Now the contagious corruption disease seems to have spread to the Judiciary as well. Newspapers are awash with reports of corruption week in week out.

Fresh damning allegations have emerged within the Judiciary pointing to existence of corruption, favouritism, nepotism rocking judiciary and thereby causing anxiety and instability. Reports are pouring in that appointment of High Court judges to act at Court of Appeal (CoA) is used as a bait to garner loyalty and sideline others in the Judiciary.

This in turn creates nepotism, bootlicking within Judiciary and massive divisions.

There are allegations of unprincipled practice of senior Judges being overlooked and junior Judges picked to act at CoA, some acting frequently, some being paid for acting while others not, others paid large sums of money.
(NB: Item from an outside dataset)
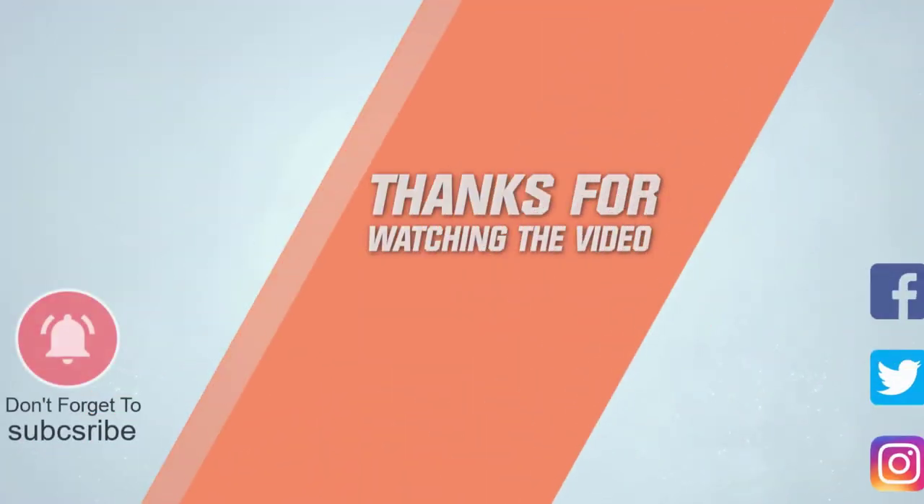For more details, click the link in the description. Thanks for watching the video.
The decisions of appointment to act at CoA are arbitrary and meant to benefit those favoured by the system, and sideline those disfavoured by the system.

There are instances where junior Judges are made to act at CoA and the senior Judges overlooked or not considered.

Another element to the issue is that even within are considered to act, there are those who frequent the CoA on acting basis, while their peers have not been accorded even a single opportunity. Available records are there to indicate Judges who frequent the CoA under the acting arrangement. It is also becoming surprising, bringing into question the criteria used, as some Judges who act at CoA were paid for rendering their service while others were not.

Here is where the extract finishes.